El segundo ciclo de violencia concluyó cuando el Estado mexicano, encabezado por Plutarco Elías Calles, impuso la seguridad, fundando el Partido Nacional Revolucionario. Entre 1929 y 2000 no dejó de haber violencia de diversa índole, pero los índices indican una caída sustancial.
La violencia de este siglo no podía tener justificación posible pero, generosamente, el primer gobierno del régimen actual se la regaló: “La delincuencia es pueblo”. Con esa coartada se instauró la política (llamémosle así) de “abrazos, no balazos” cuyo efecto fue dejar manos libres a la delincuencia organizada y a la delincuencia común. Resultado: un saldo récord de 200.000 muertos. Para colmo, sectores clave del propio Estado organizaron sus propias redes delincuenciales llevando la corrupción política a niveles de degradación (y lucro) sin precedentes.

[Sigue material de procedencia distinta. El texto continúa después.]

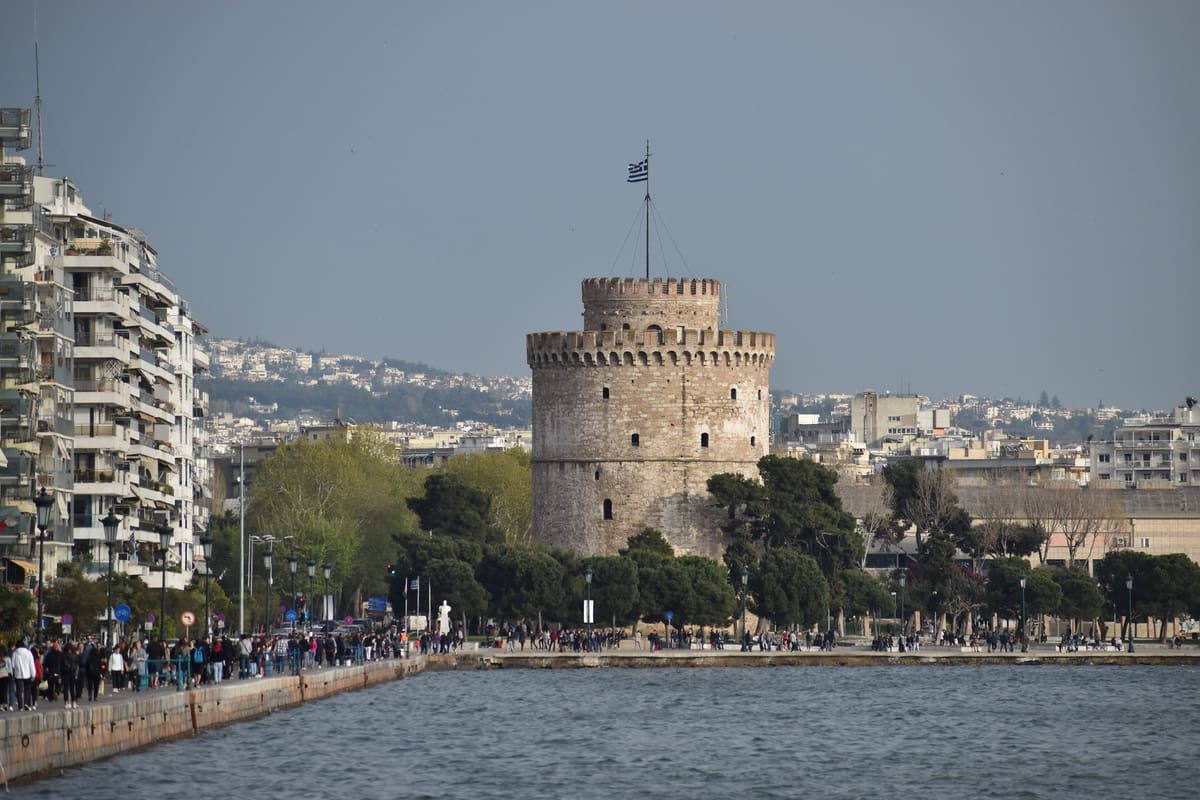 A Thessaloniki walking tour starts at the White Tower on the waterfront promenade of the Thermaic Gulf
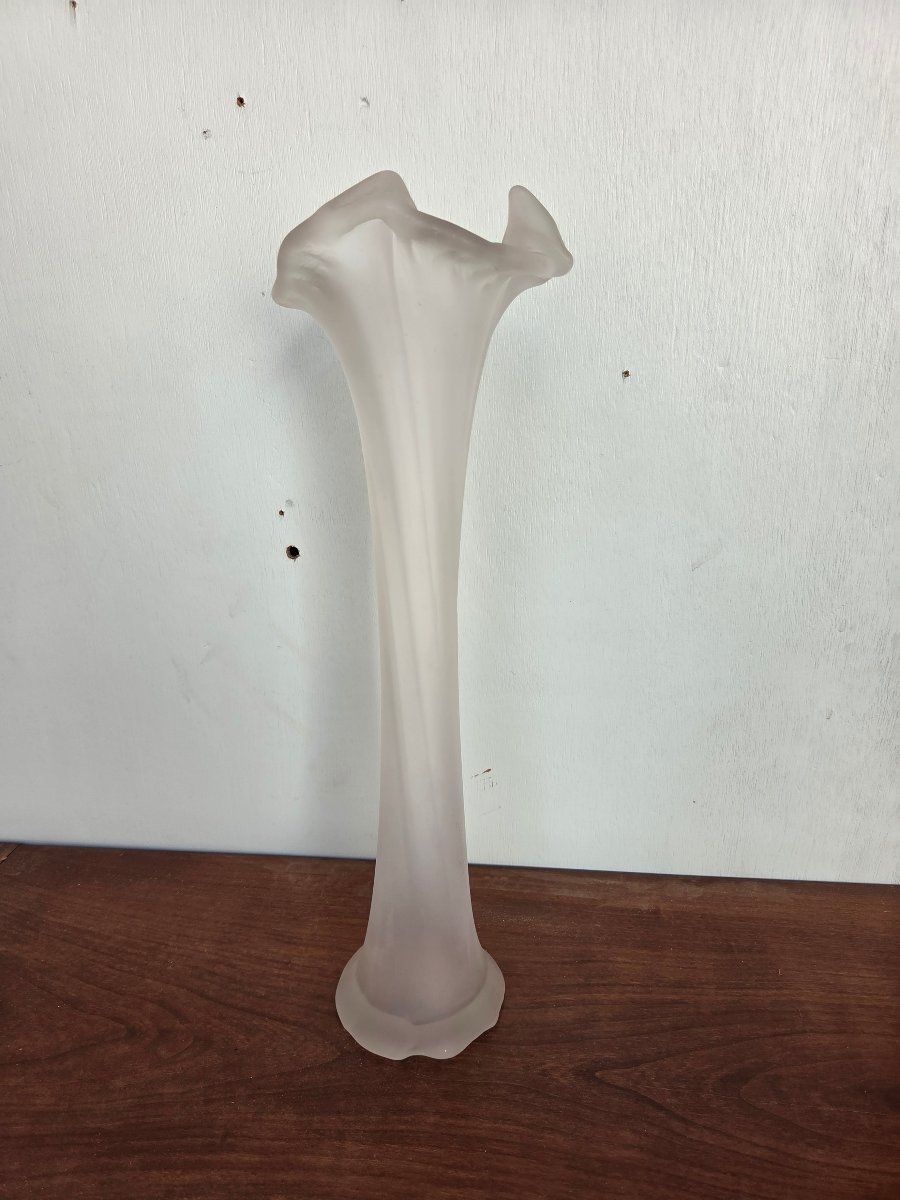 Vase soliflore Art Nouveau en verre satiné – vers 1900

El segundo gobierno del mismo régimen ha dado un cierto giro a su política de seguridad, pero lo ha hecho de manera ambigua, contradictoria. Se proclama que “no habrá impunidad”, pero se ha descabezado a las instituciones de justicia y a las leyes de amparo que hubiesen sido el instrumento para hacer realidad esa bonita frase. Se persigue, captura y hasta extradita a notorios capos de la delincuencia organizada, pero ni con el pétalo de una rosa se toca a los capos notorios de la delincuencia política organizada. Se dice lamentar –con semblante helado– el asesinato de Carlos Manzo, pero se transfiere la culpa a toda la humanidad… menos al propio gobierno que es, por principio, el responsable de la seguridad.

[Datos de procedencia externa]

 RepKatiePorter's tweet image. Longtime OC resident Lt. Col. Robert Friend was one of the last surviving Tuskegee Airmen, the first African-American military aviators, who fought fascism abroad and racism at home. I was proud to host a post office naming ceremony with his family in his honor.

Recuperar para el Estado su deber principal no implica repetir los métodos dictatoriales de Porfirio Díaz ni del PRI. Pero mucho menos un fingido pacifismo que en realidad es una mal fingida complacencia.
Ni abrazos ni balazos: persecución del delito, procuración de justicia y aplicación de la ley. En una palabra, Estado de derecho. El gobierno anterior fue su reverso. El gobierno actual no se separa del ominoso libreto. Su imperdonable actitud ampara al crimen y desampara al mexicano.